SIPADAN ISLAND

A divers' paradise off the coast of Borneo offers some unforgettable underwater adventures

The corals that come in every color hang like flowers in a boutique. Drifting with the current by this gardenlike reef, a diver spots a green turtle gracefully flapping its flippers.

The gentle creature lets her touch its shell. Together, woman and reptile dance an underwater waltz, twirling each other 60 feet below the crystalline blue surface.

Sipadan Island is a scuba-diver's paradise. In Depth magazine rated it one of the world's five best dive sites and the world's best beach dive in 1993 and '94.

The island is expensive and difficult to reach, but that's not dissuading diving enthusiasts who scour the globe in search of that rarely seen school of hammerhead sharks or field of giant clams.

A seven-day package deal (excluding airfare) from Kota Kinabalu, capital of the Malaysian state of Sabah, costs $1,325, says Ken Knezick, head of Island Dreams Travel in Houston. From the United States, travel time is about 2-1/2 days by plane, bus, and boat or helicopter.

But ask any diver who's been there: ''Is it worth it?'' And you'll get a resounding ''Yes.''

Burt Jones, a marine-life photojournalist who has spent more time there than any other American photographer, calls the 30-acre spit of sand and jungle atop an underwater volcano ''the Grand Cayman or Cozumel of Southeast Asia.''

''It is one of the most enchanting places I've ever been to,'' says Stephen Harrigan, a 32-year diving veteran and author of the book, ''Water and Light: A Diver's Journey to a Coral Reef'' (Houghton Mifflin, 1992). ''There are more living things than I'd ever seen - the turtles, white-tip reef sharks, staggering amounts of fish,'' he says.

Environmentalists agree. In 1933, the island was designated a bird sanctuary for its Nicobar pigeon and other birds. But it's best known for its green and hawksbill turtles.

It's common to see at least a half dozen (and usually many more) on one dive. The greens, in particular, make Sipadan a mating and nesting home. To protect them, the Sabah Ministry of Tourism and Environmental Development's Wildlife Department stipulates that tourists must be accompanied by a ranger when walking the beaches at night, the time turtles lay their eggs.

''No other spot on the face of the planet has more marine life than this island,'' the World Wildlife Fund proclaimed in 1980.

Five years later, Ron Holland of Britain learned for himself. He told explorer Jacques Cousteau about the island, who brought a crew to film what Cousteau called ''an untouched piece of art,'' the kind he had not seen in 45 years.

At that time, hard-core divers camped out on this backwater to dive the 2,800-foot reef wall, which drops off into the abyss just yards from shore. But in 1990, an outfit named Borneo Divers, started by Mr. Holland, put up a modest thatched-roof resort. That year, 1,024 guests stayed there.

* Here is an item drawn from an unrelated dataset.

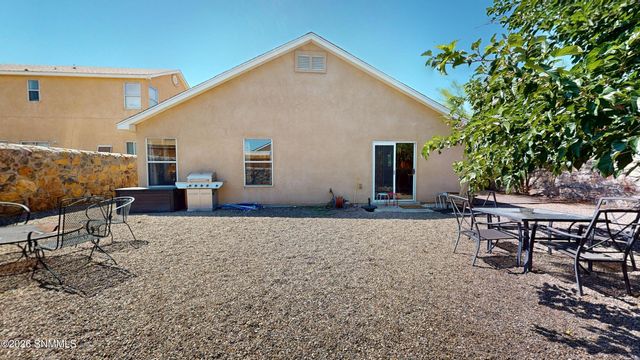 1101 Kilbourne Hole Drive, Las Cruces, NM 88012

Since then, word-of-mouth, In Depth accolades, marketing by Borneo Divers agents, and magazine and newspaper articles have contributed to increased development and a tourism explosion.

Holland reports that 2,731 people will stay at his resort this year. The island's hotel bed count is up to about 130, after three Malay- and Chinese-owned operators built resorts. Adding to the traffic are visitors to nearby Pulau Mabul.

Fred Siems (no relation), an early Sipadan diver and Malaysia Airlines sales manager, says that close to 5,000 divers will visit in 1995. But, by all accounts, the diving off this island is still superb. Development has reduced visibility from about 100 feet in 1990 to 40-60 feet today, but marine life is more abundant.

''I've seen a larger density of fish,'' Mr. Siems says. ''They're more approachable, not afraid of divers. They know it's safe [from fishing] here.''

The big question on divers' minds: Will the island go the way of Tahiti and Cancun and be overdeveloped?

''If development isn't curtailed, the island will suffer and, in the long term, so will the marine life,'' Holland says. The government tries to limit development, but enforcement is difficult, he explains. ''All rules and regulations that have been enforced, as far as protection of the marine life and fauna, were instigated by Borneo Divers.... But we could not control the [overall] development, only in our own area.''

Twice in two years, the Wildlife Department has ordered construction to halt. Borneo Divers complied, but the other resorts did not. Two new ones even tried to spring up. Enforcement officers sent to dismantle buildings constructed after the first order was issued were stopped by an injunction filed by a new operator. The courts rejected the injunction, but the operator appealed.

There are plans to make Sipadan part of a marine park. But an obstacle remains: Indonesia is contesting Malaysia's ownership of the island. The case will be heard by the World Court, Siems says.

The turtle-egg issue, however, has reached a happier conclusion. At Borneo Divers' urging, resorts are paying the man who has traditionally held the turtle-egg-collecting rights on the island a total of $100,000 not to collect eggs until 1997, thus preserving the turtle population.